■ **Data shown**
-=-=-=-=-

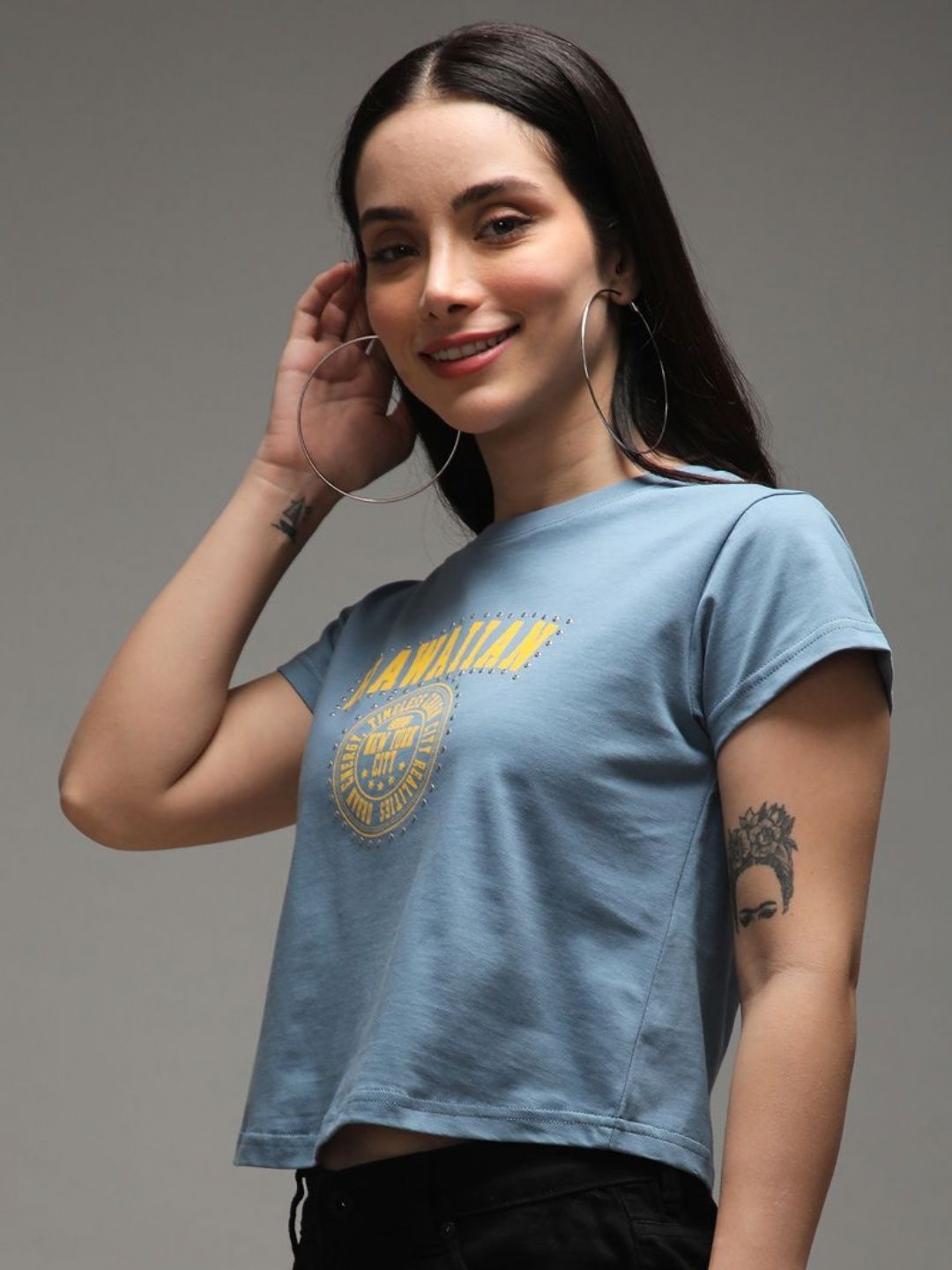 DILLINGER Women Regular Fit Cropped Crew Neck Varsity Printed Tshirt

-=-=-=-=-

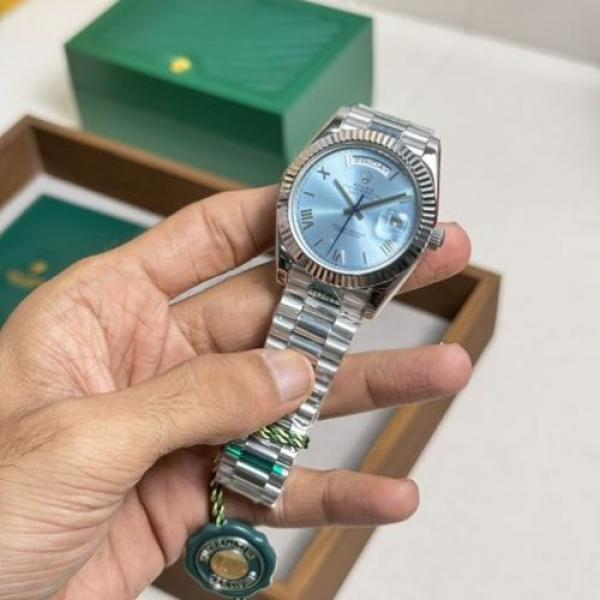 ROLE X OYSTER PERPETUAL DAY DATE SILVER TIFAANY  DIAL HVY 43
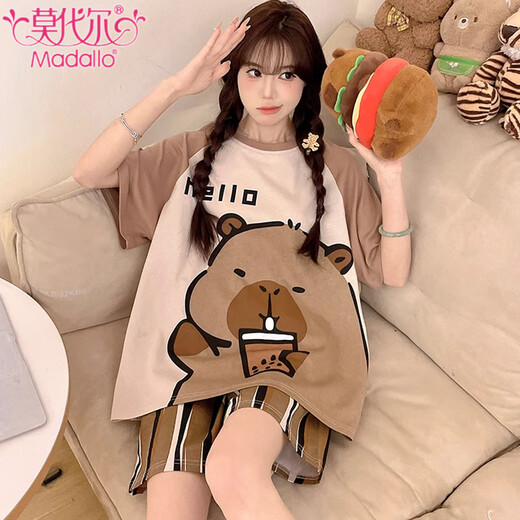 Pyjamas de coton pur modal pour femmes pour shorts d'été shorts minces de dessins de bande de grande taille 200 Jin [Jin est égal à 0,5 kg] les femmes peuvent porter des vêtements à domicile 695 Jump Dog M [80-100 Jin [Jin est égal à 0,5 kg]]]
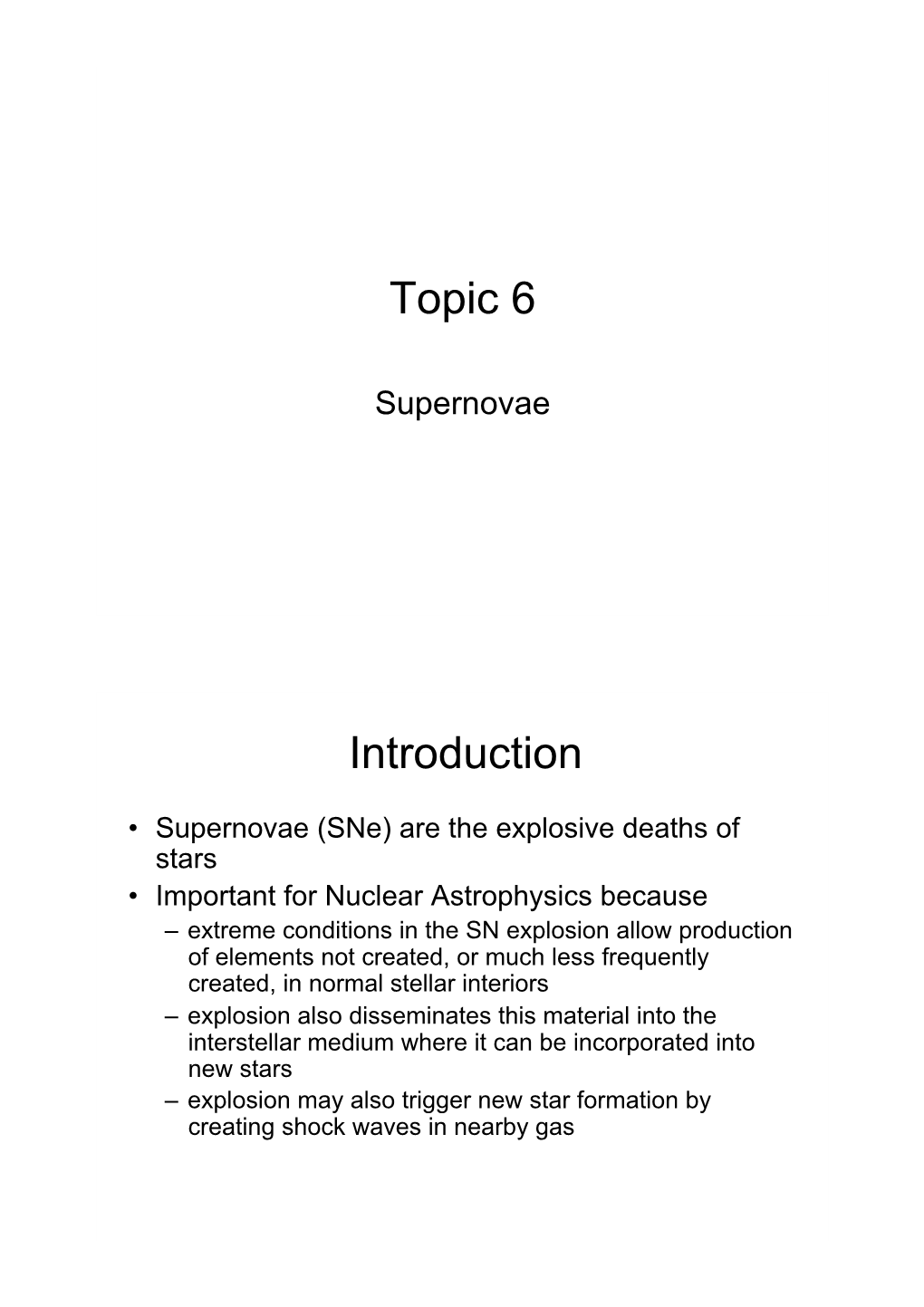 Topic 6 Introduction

-=-=-=-=-

■ **Your instructions**
Quote word for word only the lines above from the one containing "Pyjamas de coton" through the one containing "Topic 6 Introduction". Pictures stay out of your copy.

■ **Response box**
 Pyjamas de coton pur modal pour femmes pour shorts d'été shorts minces de dessins de bande de grande taille 200 Jin [Jin est égal à 0,5 kg] les femmes peuvent porter des vêtements à domicile 695 Jump Dog M [80-100 Jin [Jin est égal à 0,5 kg]]]
 Topic 6 Introduction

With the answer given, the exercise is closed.